Hatırlayınız.Geçen yıl yaz sezonuna daha aylar var iken, yağış almaz isek yaz aylarında başa gelecek sıkıntı hep gündem olmuştu.
Atikhisar barajının, kalan kapasitesi üzerinden, 'Şu kadar günlük suyumuz kaldı" başılkları yer bulmuştu pekçok haberde.
Çeşitli önlemler de alınmıştı o ara.. Araç yıkamadan tutunda, benzer işlemlerin yapıldığı iş yerlerini kapsayan türlü yasaklar gelmişti. Kuyu kullanmıyor ise iş yeri, şebeke suyundan faydalanıyor ise, yasaklanmıştı araç yıkamaları.

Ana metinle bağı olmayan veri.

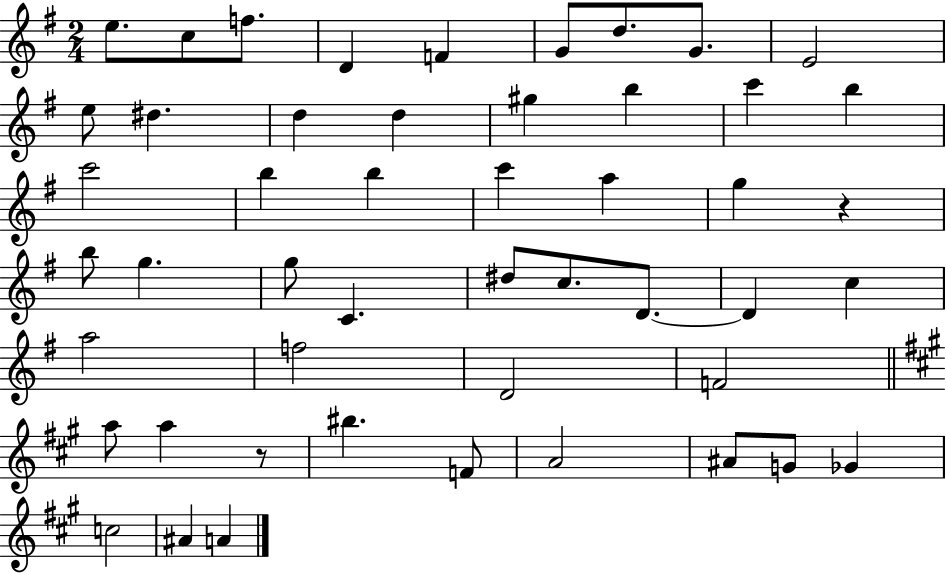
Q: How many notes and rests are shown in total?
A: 49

Aylar geçti, yağışlar yetişti imdadımıza. Atikhisar' ın rezervi istenilen noktaya gledi, sonra unuttuk bir anda tasarrufun önemini.
Yaz ayları boyunca, sıcaktan bunalıp bol bol duşa da girdik, aarabaları da balkonları da bol bol su ile yıkadık.

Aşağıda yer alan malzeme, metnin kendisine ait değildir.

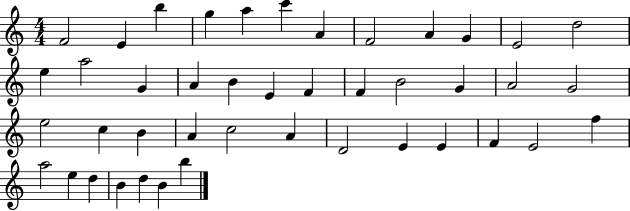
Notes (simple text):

Tasarruf; zorunluluk halinde değil, akılda hep olmalı diye düşünüyorum.. Ya siz..!!!
Tasarruf, cep yakan bir çok üründe de gerekli bu durumda. İhtiyaç değil ise gerçekten, araçlara da binmemeli mesela..
Öyle ya, Benzin, LPG ve Mazot fiyat artışında birbirleri ile yarış halinde..

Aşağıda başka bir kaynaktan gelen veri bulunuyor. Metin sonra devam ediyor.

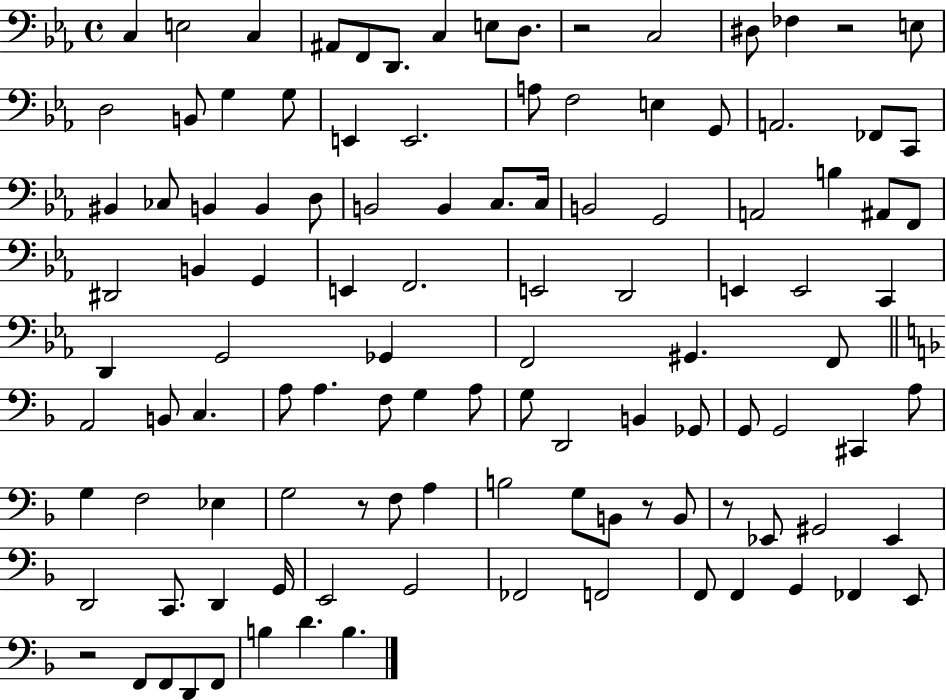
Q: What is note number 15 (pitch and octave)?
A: B2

Yürümek spor ayrıca. Pek çok hastalığa önlem olarak dile gelen yürüyüşleri fazlalaştırmalıyız kısacası.
Sağlık için yürür iken, yakıt tasarrufu da yapıp, gelir sağlığımızı da korumuş oluyoruz. Ne güzel değil mi..!!!
Tasarruf, hepimizin yeni sloganı olsun. Kalın sağlıcakla..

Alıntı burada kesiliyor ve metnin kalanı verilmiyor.